What you will do:
For this task, output exactly the lines of the material below starting at the line with "happy calculator school" and ending at the line with "Tischkalender Freiberg 2027"; pictures are to be excluded.

Data to use:
☆ ☆ ☆ ☆

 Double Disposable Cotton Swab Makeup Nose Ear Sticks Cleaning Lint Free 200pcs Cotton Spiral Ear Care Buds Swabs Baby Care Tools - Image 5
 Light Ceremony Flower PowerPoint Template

☆ ☆ ☆ ☆

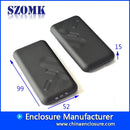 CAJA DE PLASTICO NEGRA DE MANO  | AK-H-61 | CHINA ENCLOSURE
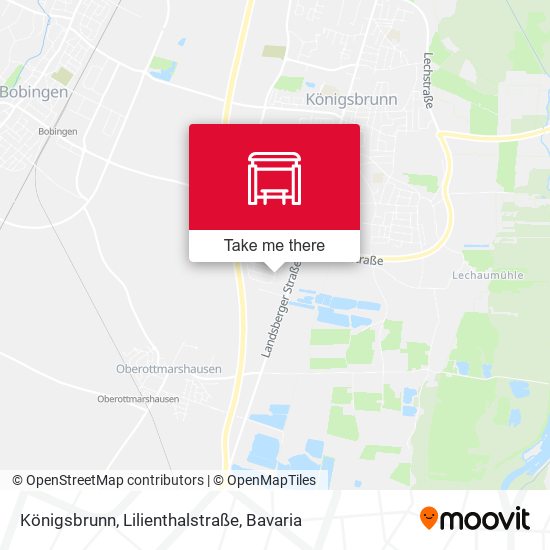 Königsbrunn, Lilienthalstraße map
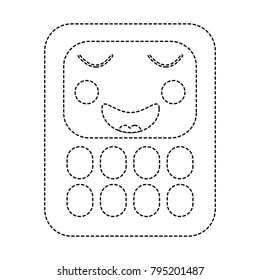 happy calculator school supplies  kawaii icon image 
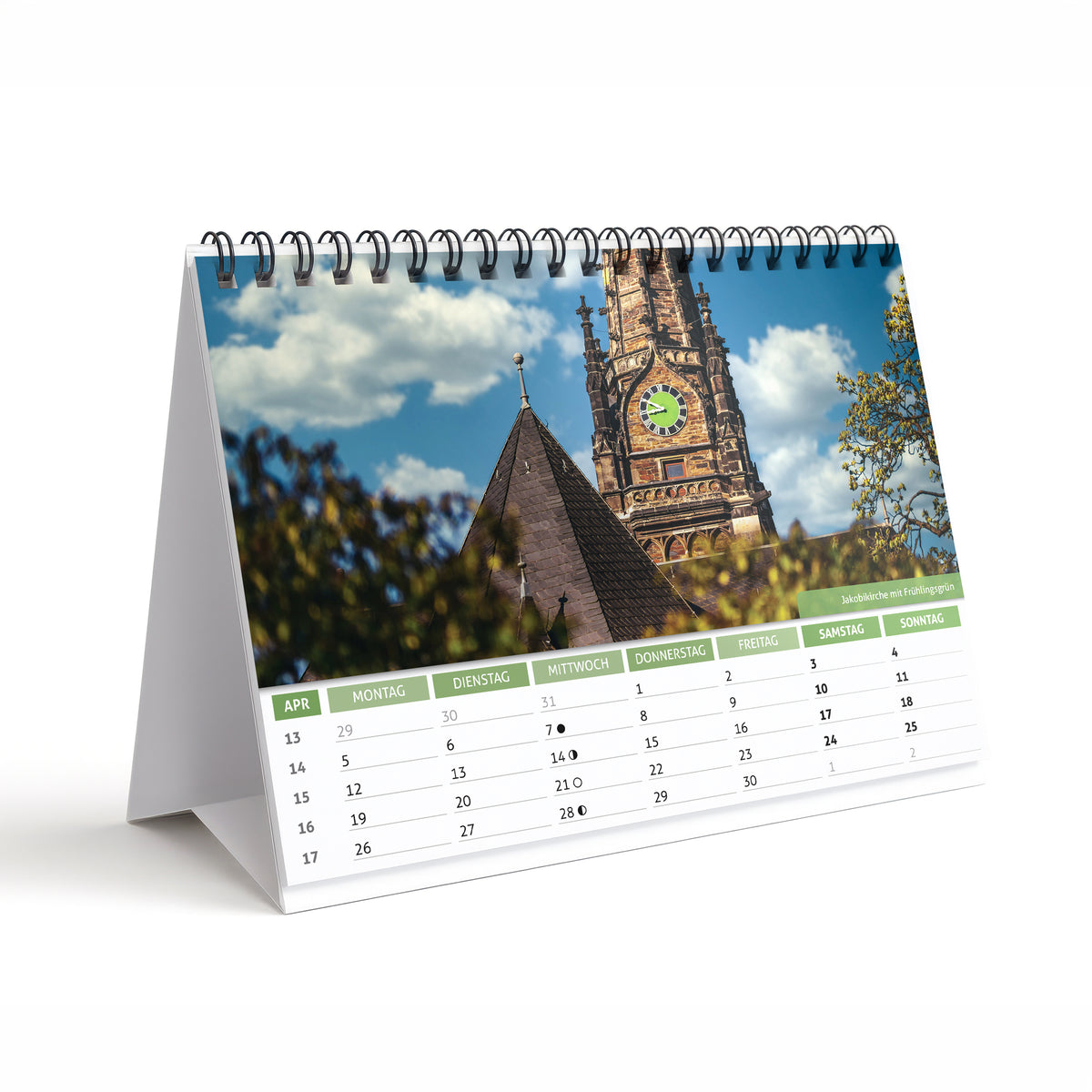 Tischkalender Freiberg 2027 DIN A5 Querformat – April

☆ ☆ ☆ ☆

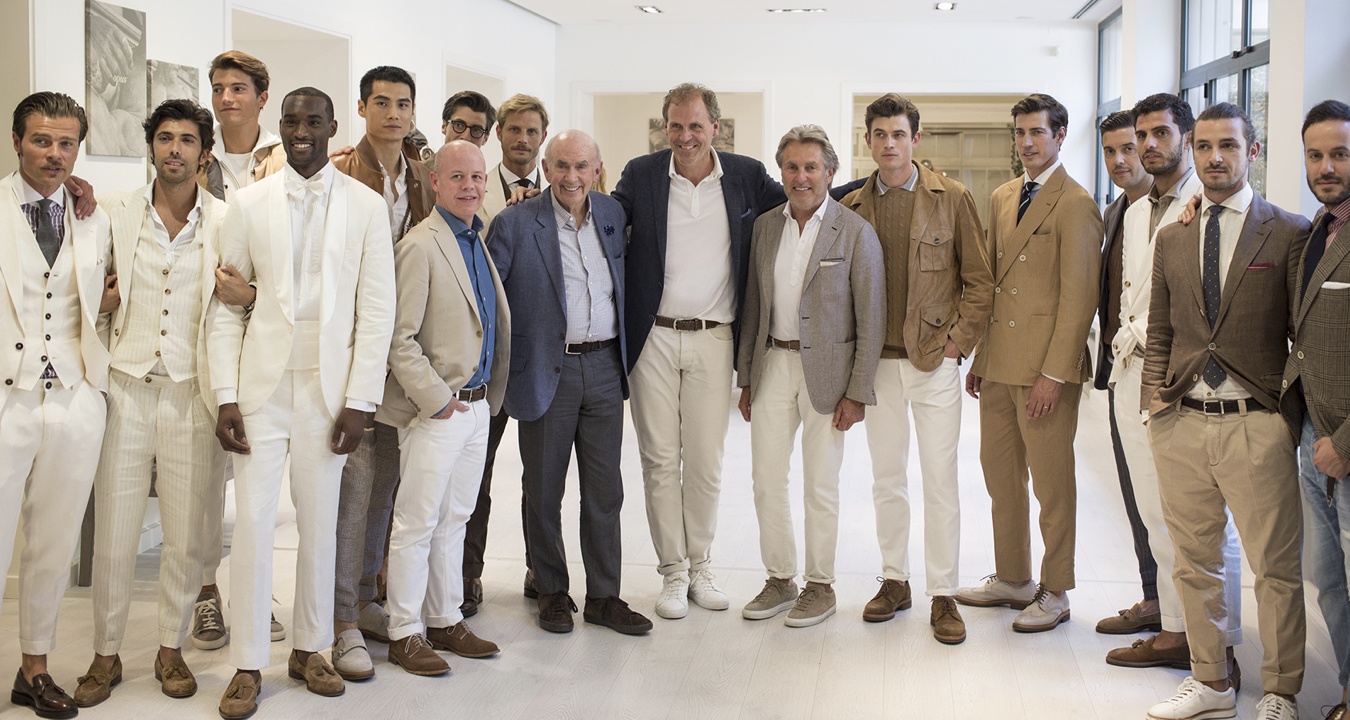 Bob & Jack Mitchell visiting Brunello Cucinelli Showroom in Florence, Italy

☆ ☆ ☆ ☆

Solution to the problem:
 happy calculator school supplies  kawaii icon image 
 Tischkalender Freiberg 2027 DIN A5 Querformat – April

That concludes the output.